Above: Wild Man. Below: In a Marital Bed. Main: Self Portrait.
Our eyes locked immediately and the surprised look on his face no doubt mirrored my own.
Here we were, two strangers in a large, empty, white-walled room, he seated in its centre.
His heavily bearded face slightly recoiling, no doubt challenging my intrusion. The flash of modesty that greeted us both came from him being totally naked. His body was huge. At least 3m tall seated, a Jonathan Swift parody in the making. The difference between him and me was that he was a Ron Mueck creation.
Wild Man is a fibreglassed frame covered in silicone and painstakingly brought to life by his ingenious creator, and part of Mueck's exhibition on display at the Christchurch Art Gallery.
Mueck has long mastered the technique of replicating human flesh to microscopic detail. Every blemish, wrinkle, mole, freckle, goosebump is there. Capturing the sheen, tone and lustre of human flesh and hair has challenged artists for centuries.

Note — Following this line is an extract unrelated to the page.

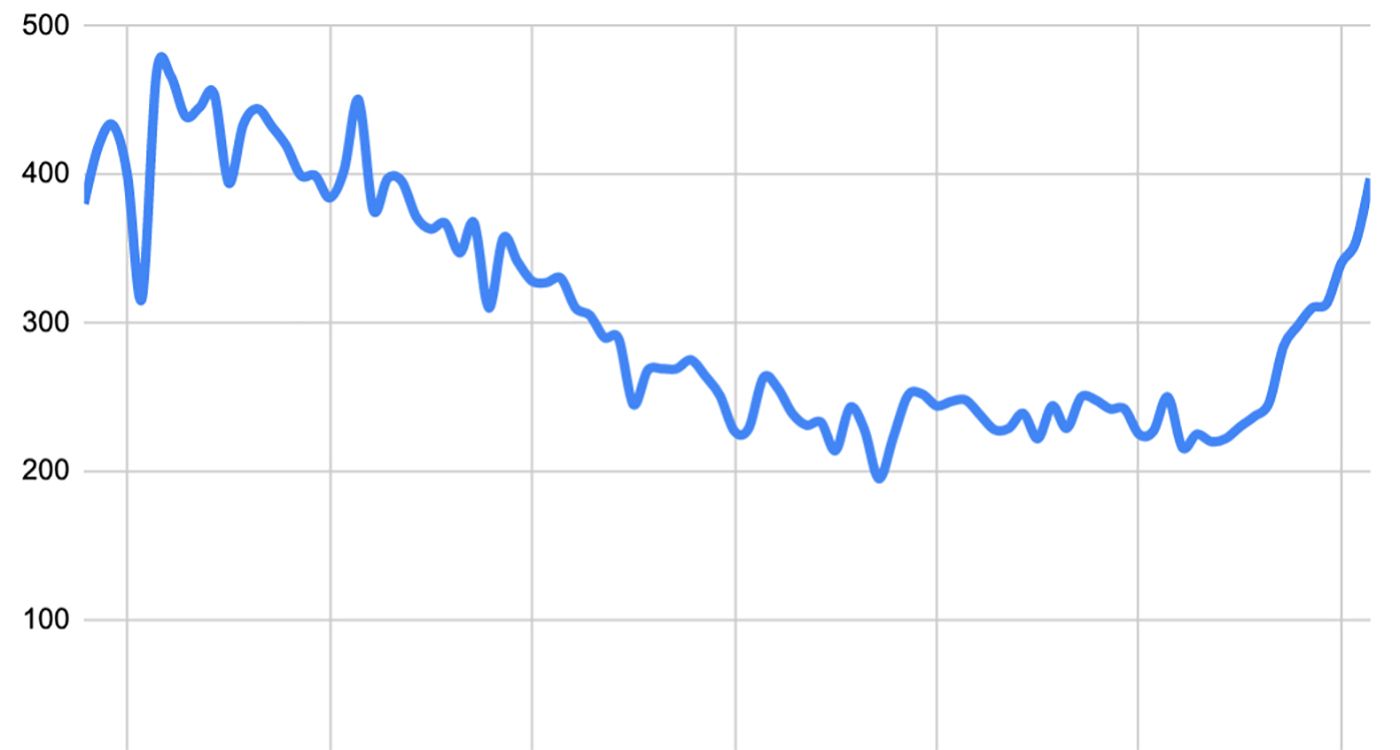 COVID Hospitalization Rates Consistently Rising Across The Bay Area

The other challenge has been that of feet and hands. Many an artist has hit the prehensile crossroads. Can I or can't I create hands and feet? Thank God for shoes and gloves, I say. Walt Disney gets away with three fingers and a thumb to this day.

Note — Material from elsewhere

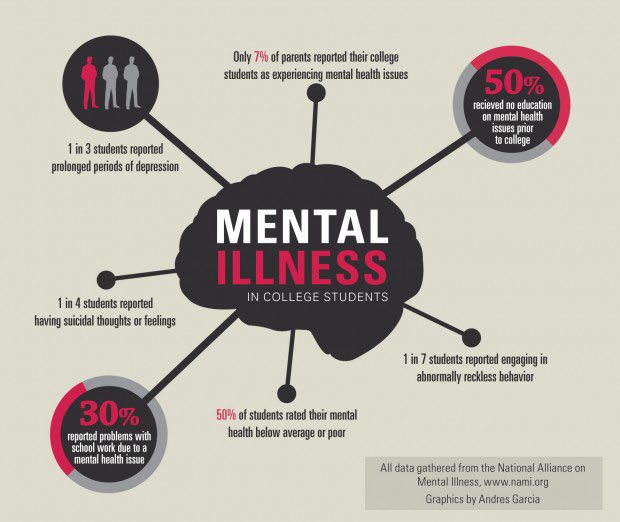 prmccane's tweet photo. Mental health is always a priority, especially among college students on campus. Reaching out to others within community to see if they’re doing okay or if they simply need to talk is a great jump start to macro practice. #344macro https://t.co/Kq6DG5nOgR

Yet to master this as a passionate three-dimensional sculptor, whether your chosen medium is marble or clay, is truly awe-inspiring.
Mueck has succeeded to a point where you expect his creations to blink or just stand, stretch, then quietly walk off.

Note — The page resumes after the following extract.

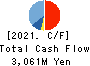 KOA SHOJI HOLDINGS CO., LTD. Cash Flow Statement 2021年Jun期 KOA SHOJI HOLDINGS CO., LTD. Cash Flow Statement 2021年6月期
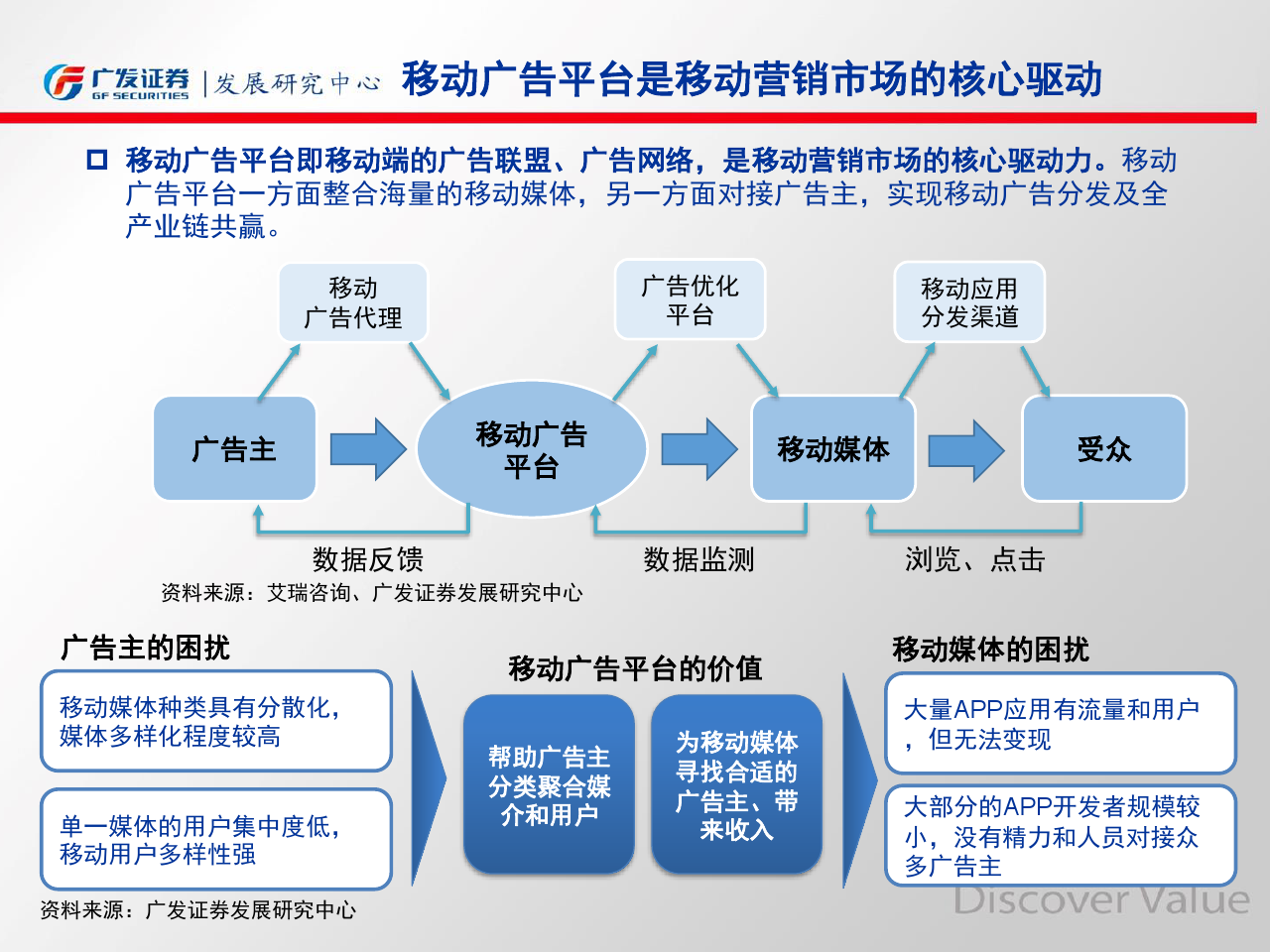 小鹿推广,竞价软件,SEM营销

His works are confronting in size, subject matter and realism. They are either gigantesque or small in stature, and all tell a story.
His earliest work, Dead Dad is sensational. It's one-third in scale, lays flat on a large, white, low-set block and with the most subtle of lighting in a dark room, gives the feeling of peering into the first moments of eternity. The soul has escaped yet the body carriage lays limp and at peace.
It is his father, complete with real hair from the artist. The detail is so extraordinary, you become overwhelmed with the temptation to pinch him to see if he's real.
It is often described as a grotesque, vulgar and intimidating work, but the suspicion is that its artist would wear such comments as a badge of honour.
The attraction for both artist and public is with the human body.
None of his subjects would ever be described as naturally beautiful, yet he captures us as we really are when the lights are fully on. Opaque from lack of sun, tired, aged or new born.
From somber moods, our first breath, the sick and frail, the gossiping elderly, the wealthy and well-heeled - his palette has no limit.
Australian by birth and another Melbournian, like the master of marble sculpture of the same calibre, Peter Schipperheyen.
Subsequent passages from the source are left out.